MANILA - Imee Marcos did not graduate from the University of the Philippines (UP) Diliman, much less finish a degree with honors, a high-ranking UP official disclosed on Friday.
The country's premier state university disclosed this after the Ilocos Norte governor, now a senatorial candidate backed by President Rodrigo Duterte, posted photos of her supposed graduation from the UP College of Law in 1983.
In a letter sent to ABS-CBN News, UP executive vice president Teodoro Herbosa said Marcos only took courses but did not finish with a degree from the university.
"There is no record of her graduation from UPD (University of the Philippines Diliman) nor any honors or academic distinction received with the University Registrar's office," read Herbosa's letter.
He said records at the UPD Registrar "indicate that Ms Marcos took non-degree courses (courses without credit) in the College of Arts and Sciences University of the Philippines Diliman (UPD) during academic year 1976-1977."
"Thereafter she took courses under the Bachelor of Laws program at the UP College of Law from 1st semester 1979 to 2nd Semester 1983," the letter read.
Her years in UP were during her late father President Ferdinand Marcos' dictatorship. Mr.
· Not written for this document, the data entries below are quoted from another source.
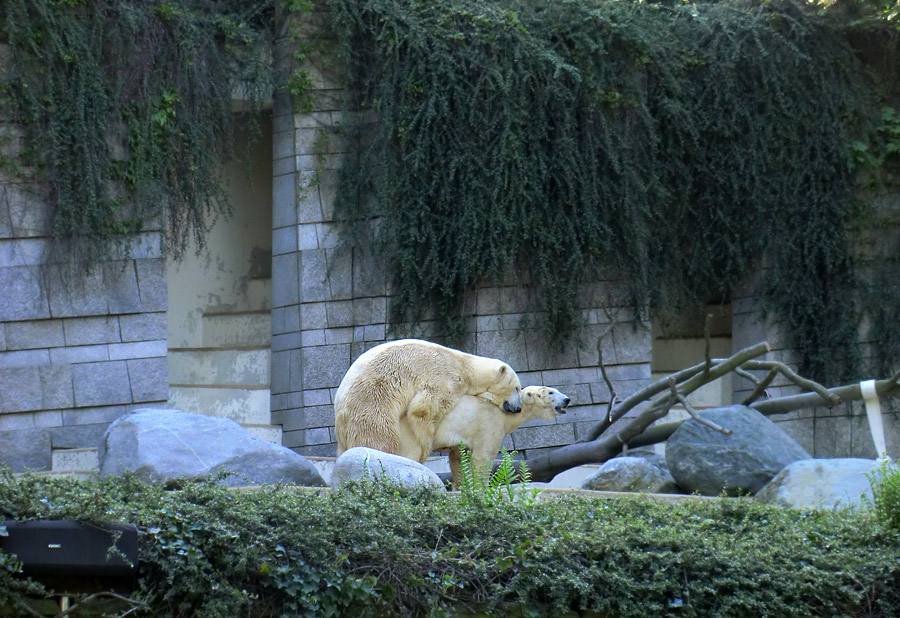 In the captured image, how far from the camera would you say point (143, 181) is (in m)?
9.57

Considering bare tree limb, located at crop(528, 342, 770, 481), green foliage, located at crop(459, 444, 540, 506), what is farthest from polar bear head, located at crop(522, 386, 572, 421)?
bare tree limb, located at crop(528, 342, 770, 481)

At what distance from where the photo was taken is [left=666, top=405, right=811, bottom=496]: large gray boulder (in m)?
7.63

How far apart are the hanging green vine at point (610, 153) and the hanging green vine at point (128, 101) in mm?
1054

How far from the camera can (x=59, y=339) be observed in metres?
9.37

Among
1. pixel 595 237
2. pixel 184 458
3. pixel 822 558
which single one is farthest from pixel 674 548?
pixel 595 237

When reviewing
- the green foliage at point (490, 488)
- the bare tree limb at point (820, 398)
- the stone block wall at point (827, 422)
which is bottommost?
the stone block wall at point (827, 422)

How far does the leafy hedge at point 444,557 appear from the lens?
4.61 metres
Marcos was a UP College of Law alumnus.
In a Facebook post on Feb. 20, Marcos shared photos of her supposed graduation at the UP College of Law held at the Meralco Theater. It said her parents, the late strongman and then First Lady Imelda Marcos, "pinned her cum laude medal."
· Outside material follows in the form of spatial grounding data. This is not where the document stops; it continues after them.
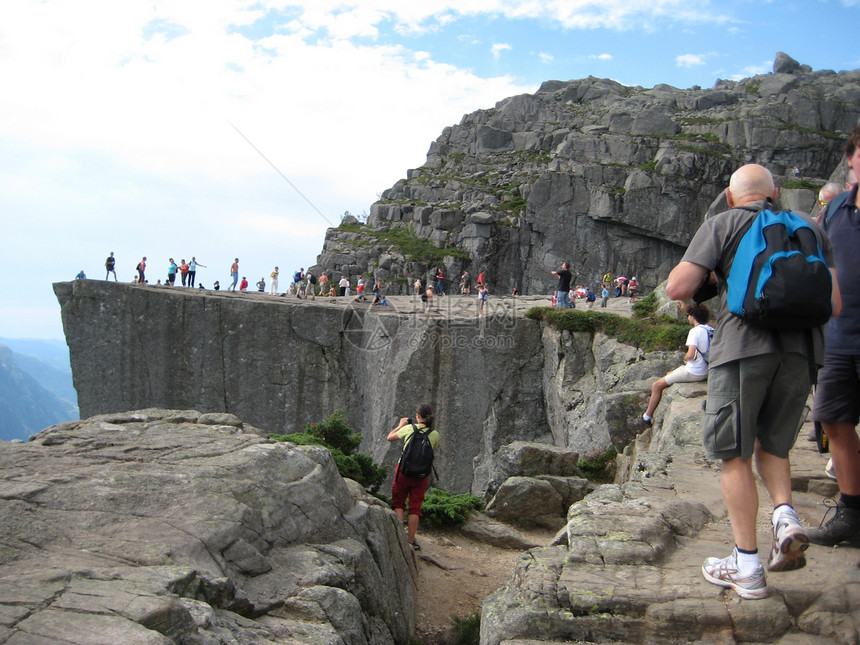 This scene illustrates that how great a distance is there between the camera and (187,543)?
451cm

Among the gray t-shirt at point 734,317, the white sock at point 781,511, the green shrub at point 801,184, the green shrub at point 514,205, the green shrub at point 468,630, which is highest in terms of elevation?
the green shrub at point 801,184

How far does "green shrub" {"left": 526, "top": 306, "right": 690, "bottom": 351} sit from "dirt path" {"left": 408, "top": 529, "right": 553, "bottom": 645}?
781cm

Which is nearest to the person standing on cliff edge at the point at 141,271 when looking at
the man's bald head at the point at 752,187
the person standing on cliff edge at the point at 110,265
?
the person standing on cliff edge at the point at 110,265

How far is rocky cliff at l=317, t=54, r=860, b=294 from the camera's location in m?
42.6

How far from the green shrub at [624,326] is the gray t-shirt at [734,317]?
12988mm

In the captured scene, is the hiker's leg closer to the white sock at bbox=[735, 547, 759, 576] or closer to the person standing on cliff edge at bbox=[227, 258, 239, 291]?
the white sock at bbox=[735, 547, 759, 576]

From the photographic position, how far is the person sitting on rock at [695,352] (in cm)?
942

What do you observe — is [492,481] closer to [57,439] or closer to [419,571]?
[419,571]

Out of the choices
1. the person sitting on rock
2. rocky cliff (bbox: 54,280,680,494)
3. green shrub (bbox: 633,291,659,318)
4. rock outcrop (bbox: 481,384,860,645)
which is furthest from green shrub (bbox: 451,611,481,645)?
rocky cliff (bbox: 54,280,680,494)

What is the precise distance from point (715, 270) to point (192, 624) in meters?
3.56

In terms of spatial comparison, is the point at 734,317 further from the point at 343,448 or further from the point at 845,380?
the point at 343,448

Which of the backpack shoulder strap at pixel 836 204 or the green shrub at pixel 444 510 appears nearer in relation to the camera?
the backpack shoulder strap at pixel 836 204

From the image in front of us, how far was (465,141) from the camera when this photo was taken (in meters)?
58.8

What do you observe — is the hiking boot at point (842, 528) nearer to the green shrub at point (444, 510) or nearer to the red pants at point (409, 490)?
the red pants at point (409, 490) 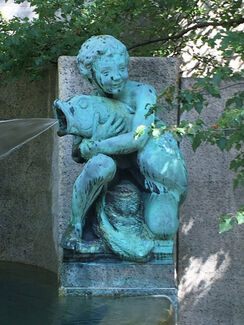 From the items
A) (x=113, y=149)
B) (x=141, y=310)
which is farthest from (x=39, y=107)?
(x=141, y=310)

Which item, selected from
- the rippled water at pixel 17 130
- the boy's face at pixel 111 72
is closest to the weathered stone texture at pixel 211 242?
the rippled water at pixel 17 130

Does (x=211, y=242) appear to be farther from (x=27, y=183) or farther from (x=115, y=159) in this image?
(x=27, y=183)

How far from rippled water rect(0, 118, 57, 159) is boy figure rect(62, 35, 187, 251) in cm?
47

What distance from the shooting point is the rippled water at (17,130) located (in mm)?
5391

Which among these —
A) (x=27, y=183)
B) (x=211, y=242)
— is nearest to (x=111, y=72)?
(x=211, y=242)

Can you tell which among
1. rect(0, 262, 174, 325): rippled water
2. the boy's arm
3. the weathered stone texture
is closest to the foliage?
the weathered stone texture

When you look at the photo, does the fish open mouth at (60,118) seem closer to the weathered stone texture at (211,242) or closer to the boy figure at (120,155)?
the boy figure at (120,155)

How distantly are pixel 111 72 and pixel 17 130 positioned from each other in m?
0.80

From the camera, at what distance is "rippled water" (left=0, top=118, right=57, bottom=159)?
5.39 meters

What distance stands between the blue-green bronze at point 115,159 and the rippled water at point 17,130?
398 millimetres

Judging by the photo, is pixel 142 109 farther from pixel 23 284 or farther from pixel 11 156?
pixel 11 156

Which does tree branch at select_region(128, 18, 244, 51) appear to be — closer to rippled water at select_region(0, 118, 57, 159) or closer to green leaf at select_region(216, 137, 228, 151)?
rippled water at select_region(0, 118, 57, 159)

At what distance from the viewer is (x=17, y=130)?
18.2ft

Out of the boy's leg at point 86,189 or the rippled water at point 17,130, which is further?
the rippled water at point 17,130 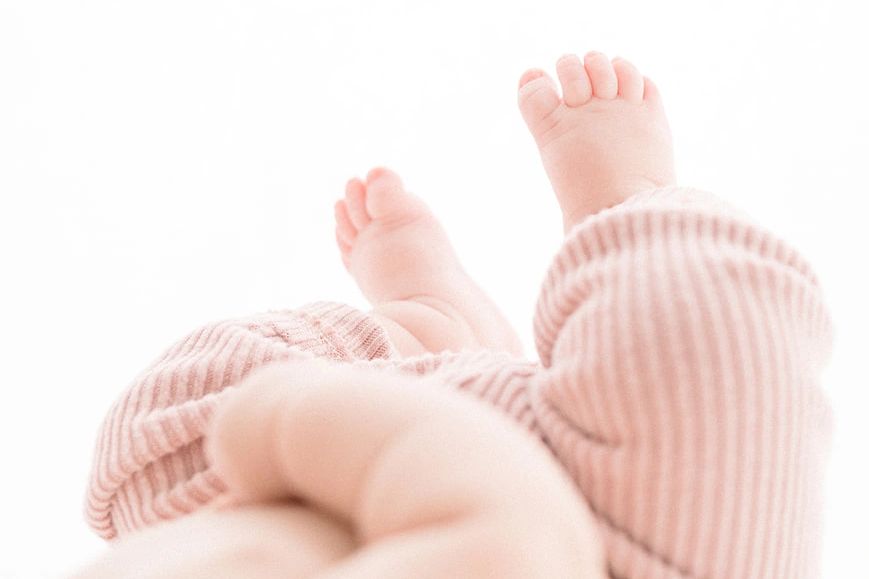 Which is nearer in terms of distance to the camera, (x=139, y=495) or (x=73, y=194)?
(x=139, y=495)

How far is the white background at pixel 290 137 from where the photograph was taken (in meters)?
1.01

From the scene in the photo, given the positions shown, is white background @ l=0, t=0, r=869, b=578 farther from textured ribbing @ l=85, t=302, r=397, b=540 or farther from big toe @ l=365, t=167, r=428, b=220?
textured ribbing @ l=85, t=302, r=397, b=540

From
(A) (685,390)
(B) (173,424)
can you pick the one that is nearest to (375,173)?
(B) (173,424)

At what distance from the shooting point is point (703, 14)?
40.4 inches

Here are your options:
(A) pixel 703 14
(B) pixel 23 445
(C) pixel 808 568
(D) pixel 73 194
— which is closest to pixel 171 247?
(D) pixel 73 194

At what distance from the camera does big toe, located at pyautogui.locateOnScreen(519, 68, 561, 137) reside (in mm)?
845

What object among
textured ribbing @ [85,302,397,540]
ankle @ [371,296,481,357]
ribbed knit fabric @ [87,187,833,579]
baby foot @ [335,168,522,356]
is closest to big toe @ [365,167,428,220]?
baby foot @ [335,168,522,356]

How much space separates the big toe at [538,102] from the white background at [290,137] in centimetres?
18

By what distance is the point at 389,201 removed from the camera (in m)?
1.00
Marcos' academic record at UP drew questions following her unproven claim of earning a degree from the prestigious Princeton University with distinction.
In a December 2018 interview on DZMM radio, Marcos dodged the question, saying the issue was being thrown at her because it was the "election season" and that her "performance" record should speak for itself.
Doubts have also surrounded the academic record of her brother, former Sen. Bongbong Marcos.
FREEDOM OF INFORMATION REQUEST
UP released details about Marcos' stay at the university in response to an ABS-CBN News query, which it said it treated as a Freedom of Information request.
It cited that Marcos is "an incumbent public official, is running for public office and is a public figure."
"Citizens have a right to know about her qualifications and your query may be answered by the University of the Philippines through the examination of its official records," Herbosa said in the letter.
It cited a 1988 Supreme Court ruling that balanced the right to privacy and public interest.
"The right to privacy or 'the right to be let alone', like the right of free expression, is not an absolute right. A limited intrusion into a person's privacy has long been regarded as permissible where that person is a public figure and the information sought to be elicited from him or to be published about him constitute of a public character," read the ruling, as quoted in the letter.
It also cited the Philippine Data Privacy Act, which states that "personal information processed for journalistic... or research purposes is not covered by the law."
UP said it also furnished Marcos a copy of the letter via email, in compliance with the law.